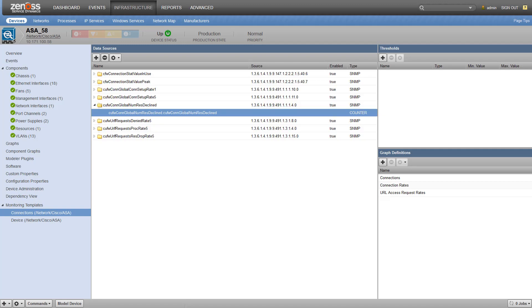Now that data point isn't incredibly useful unless we have a graph or a threshold. Since I'm unfamiliar with this value and want to establish a baseline, I'm going to create a graph so I can keep an eye on it and potentially someday establish a threshold. To add a graph, let's click the plus sign by graph definitions. Let's call it Global Connections Denied.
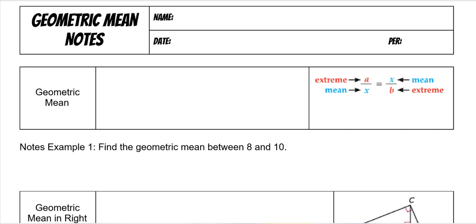Hey guys, today we're going to go over what's called geometric mean. Geometric mean is if both the means are the same, then the positive square root of the product.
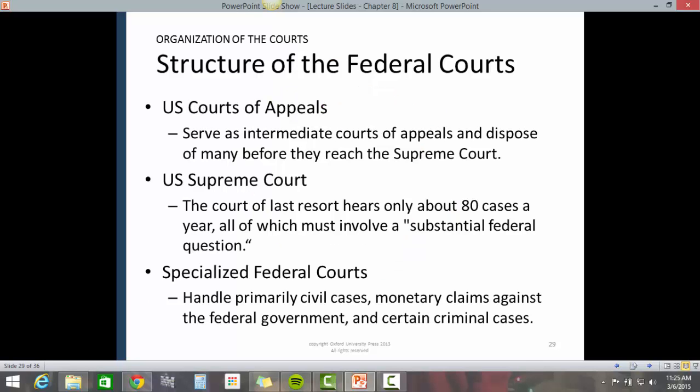The U.S. Court of Appeals serves as an intermediate court of appeals and disposes of many cases before they reach the Supreme Court. The U.S. Supreme Court, the court of last resort, hears only about 80 cases a year, all of which must involve a substantial federal question. Specialized federal courts handle primarily civil cases, monetary claims against the federal government, and certain criminal cases.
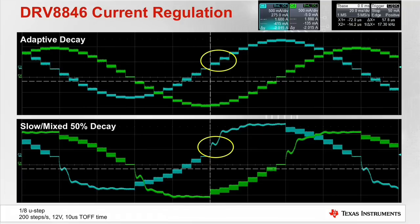Note the missing steps when the current is increasing, then the return to normal operation as the current decreases. In the bottom image, the decay mode is set to slow mixed. This setting is considered desirable in many applications because there is little current ripple when the current is increasing and limited current ripple as the current decreases. This setting is also typical of many stepper motor drivers available today.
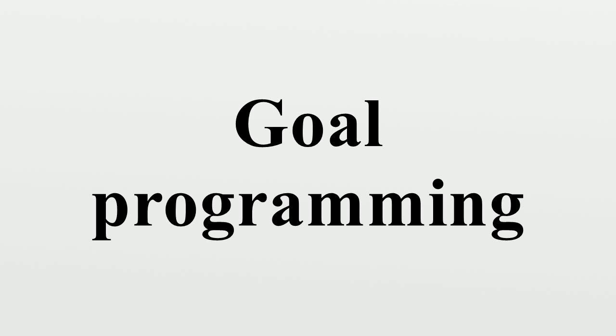Goal programming is used to perform three types of analysis: determine the required resources to achieve a desired set of objectives; determine the degree of attainment of the goals with the available resources; providing the best satisfying solution under a varying amount of resources and priorities of the goals.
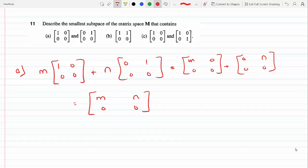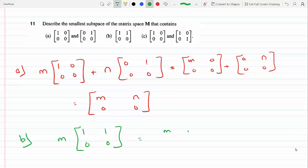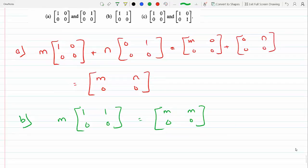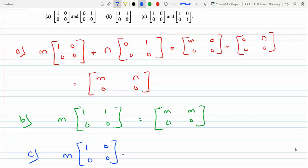For part B, same thing — it's going to be any scalar M times the matrix, giving us M, M, zero, zero. And for part C, it's the same as part A: M times the first diagonal matrix plus N times the second diagonal matrix, giving the set of all such linear combinations.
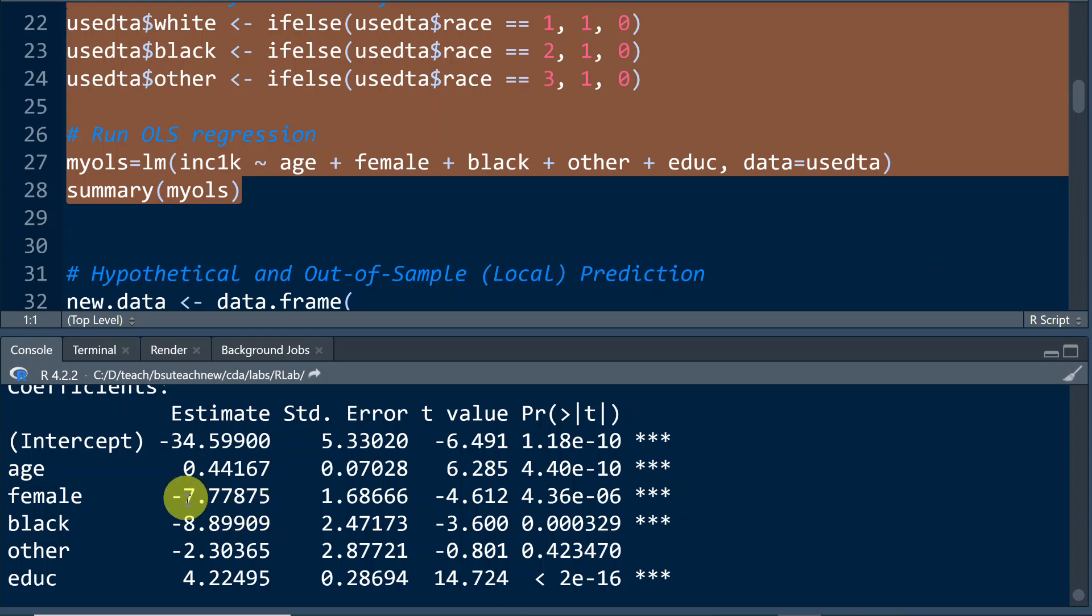What about the coefficient for age? Well, we're going to say holding all other variables constant.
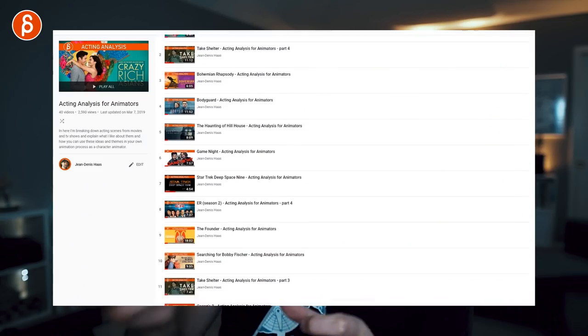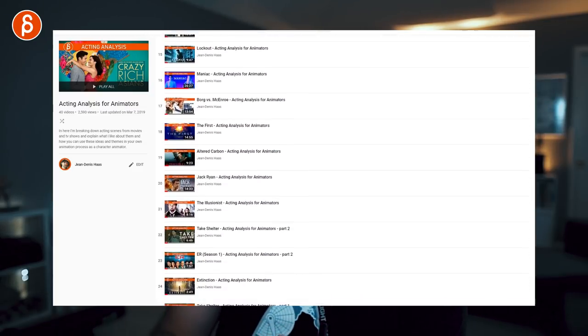I believe there are also guest articles on Cartoon Brew with Ed Hooks talking about certain movies. On my channel I do acting analysis for animators, where I pick out things in movies — an acting moment, a gesture, a prop usage, a specific composition — as a springboard for ideas that could make a moment more interesting. But it doesn't mean you always have to put all of that into a scene. Sometimes less is more — you don't have to cram everything into your five- or ten-second shot.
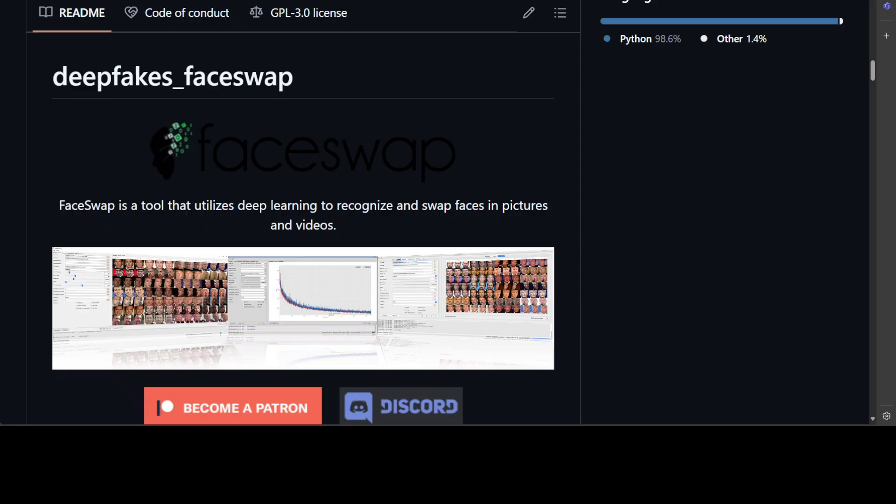So that's it guys, I hope that you enjoyed it. This is how you can have your own FaceSwap model which you can use anywhere with any video. If you have any questions feel free to put it in the comments. If you like the content please consider subscribing to the channel. If you're already subscribed please share it among your network as it helps a lot. Thanks for watching.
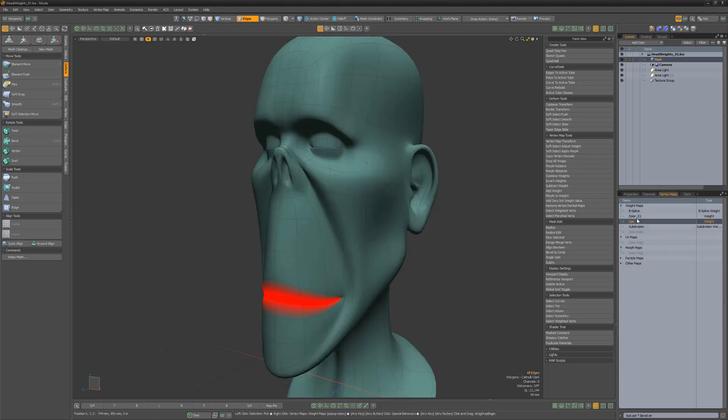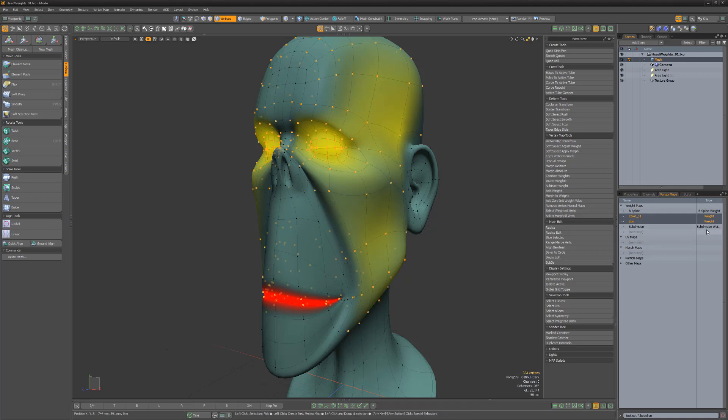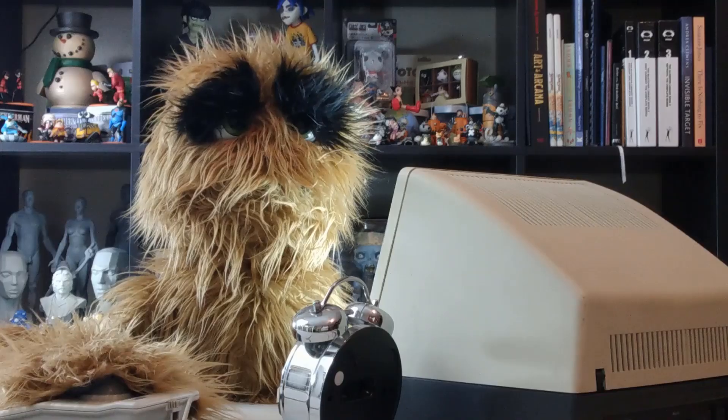To use, simply select the weight maps you'd like to work with, and then run the script. Any vert that holds a weight value in the selected maps will be selected.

*****

Work required
Output every entry exactly, leaving out pictures.

Completed task
Now that data point isn't incredibly useful unless we have a graph or a threshold. Since I'm unfamiliar with this value and want to establish a baseline, I'm going to create a graph so I can keep an eye on it and potentially someday establish a threshold. To add a graph, let's click the plus sign by graph definitions. Let's call it Global Connections Denied.
Hey guys, today we're going to go over what's called geometric mean. Geometric mean is if both the means are the same, then the positive square root of the product.
The U.S. Court of Appeals serves as an intermediate court of appeals and disposes of many cases before they reach the Supreme Court. The U.S. Supreme Court, the court of last resort, hears only about 80 cases a year, all of which must involve a substantial federal question. Specialized federal courts handle primarily civil cases, monetary claims against the federal government, and certain criminal cases.
Note the missing steps when the current is increasing, then the return to normal operation as the current decreases. In the bottom image, the decay mode is set to slow mixed. This setting is considered desirable in many applications because there is little current ripple when the current is increasing and limited current ripple as the current decreases. This setting is also typical of many stepper motor drivers available today.
Goal programming is used to perform three types of analysis: determine the required resources to achieve a desired set of objectives; determine the degree of attainment of the goals with the available resources; providing the best satisfying solution under a varying amount of resources and priorities of the goals.
For part B, same thing — it's going to be any scalar M times the matrix, giving us M, M, zero, zero. And for part C, it's the same as part A: M times the first diagonal matrix plus N times the second diagonal matrix, giving the set of all such linear combinations.
What about the coefficient for age? Well, we're going to say holding all other variables constant.
I believe there are also guest articles on Cartoon Brew with Ed Hooks talking about certain movies. On my channel I do acting analysis for animators, where I pick out things in movies — an acting moment, a gesture, a prop usage, a specific composition — as a springboard for ideas that could make a moment more interesting. But it doesn't mean you always have to put all of that into a scene. Sometimes less is more — you don't have to cram everything into your five- or ten-second shot.
So that's it guys, I hope that you enjoyed it. This is how you can have your own FaceSwap model which you can use anywhere with any video. If you have any questions feel free to put it in the comments. If you like the content please consider subscribing to the channel. If you're already subscribed please share it among your network as it helps a lot. Thanks for watching.
To use, simply select the weight maps you'd like to work with, and then run the script. Any vert that holds a weight value in the selected maps will be selected.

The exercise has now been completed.